How it started:

I have wanted to improve my latest project, which was a reflective microscope from a CD player head optic. That design was not so great because of the poor optical and mechanical implementation I did. My main gool was to get better image quality and usability with some extra options, what I will detail later.

Improvements:

First I have decided to get a proper objective, which will highly improve the image quality. I have made calculations and ended up with a relatively cheap 20X Semi Plan objective. With this I have got around 100um x 100um Field Of View (FOV).

My second investment went into a 3D Printer, what I have wanted a really long time for my home lab. The 3D Printer got me freedom. With it, I could design anything in CAD and it can make it for me.

Basic design:

For a reflective microscope we only need a few parts like:

With these requirements I made a simly diagram how it shoud look:

On the above diagram I marked the light path with arrows, dispite of the diffraction grating it is a basic reflective microscope. For now just consider the grating as a mirror, later on I will describe what it does.

All the mechanical parts I have 3D printed, was designed in Fusion 360. You can find all of the designed mechanical parts here: https://www.thingiverse.com/thing:4703960

Parts description:

From top to bottop the first part is the camera, which I used a cheap USB microscope camera with a little modification. I have removed the optical lens from the camera, so the 20x objective direcly focusing the image onto the CCD surface.
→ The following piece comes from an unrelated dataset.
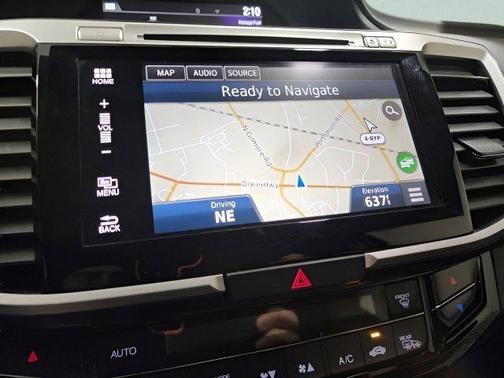 2017 Honda Accord Hybrid Touring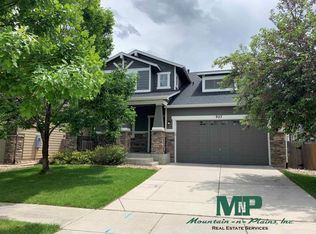 927 Burrowing Owl Dr, Fort Collins, CO 80525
The camera glued to a mounting ring, which slips onto the tube and centers it perfectly. The tube is act as a spacer. This tube mounted to the leveling plate with a two part clamp part. The clamp screws to the leveling plate. I have designed a 3 pont leveling system, which helps to set the perpendicular angle between the microscope and the sample. It is important to set it perpendicular, because we can loose light intensity.

After the tube I have designed a cube which contains the beam splitter and this part screws onto the tube above, with help of some screws.
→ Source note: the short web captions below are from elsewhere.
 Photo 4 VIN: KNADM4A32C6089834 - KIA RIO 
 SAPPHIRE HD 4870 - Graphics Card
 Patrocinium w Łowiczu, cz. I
The objective simply screws into the cube, it is not the perfect way to do it, but it works.

At this point the microscope is functional, do not need the second cube. I have tested it at this point an worked very well.

The reason I designed a second cube with a diffraction grating, because with this I can now sellect a specified light wavelength. If you shine a white light onto the surface of a grating it will gives you different color lights (wavelength). 

I get the grating form a old CD, but you can use DVD disk for this purpose, just keep in mind the direction you cut. The best way if you heat it up a little bit and cut it in radial dirrection.

The grating how it works:

You can see it not only gives you different wavelength it act as a mirror as well. I designed a motorised rotating system for the grating, so it can be set to a certain angle, with this I can select what light wavelength I want to light the sample surface. In case I set the grating 45 degre for the incident light, it act as a mirror, so I get a white light.

Check the result:

I have checked the FOV, if my calculation was correct, I was aiming for a 100x100 micrometer FOV. I had a display which on I find some ruler. These ruler on the edge of the display, where probably they calibrated there mesaurement machines:

This picture not created with the reflective microscope, just made it for navigation purposis. What you see there is lines, where every line mean 50um distance. 

Here is the picture with the microscope I made:

The middle line is the 0 marking, as you can see my calculations was about right with the FOV it is 100um in X horizontal direction.

For distance scale I have used a human hair, to show the relative size. A single human hair diameter is around 50um, so lets see the pictures I took with white light:

This is a IC without its package, just the bare die.

The above picture was taken from a Texas Instrument 339 operation amplifier die. It is made from 3 pictures, and it says probably the year it was designed 1996 and the company who made it TI.

Next is a AMOLED display from a Samsung Galaxy S8 phone:

I marked the sub-pixels, the sub-pixel colors may not be in the right order, but you can see the point. Under the pixel layer is the TFT layer (Thin Film Transistor) which turns on and off the pixels.

An other type of display I have is a regular LCD display, which you already see is with the ruler. This display is a 480x320 pixel screen:

As I mentioned this display has 480x320 pixel which means, the actual sub-pixel count is 960x480. The display has line count etched on to it:

Result of the selective wavelength:

I have wrote I can select the wavelength of light by rotating the grating, whith this I can measure the reflectance at every selected wavelength by the camera.

Here is the demo how it works:

For the video, I removed the side cover so we can see better what happening inside. The result image I have got is looks like this (in a gif):

Watch the transistor how it changing intensity by changing the wavelength of light. 

If you read all the way down here, thank you! I hope you found it interresting.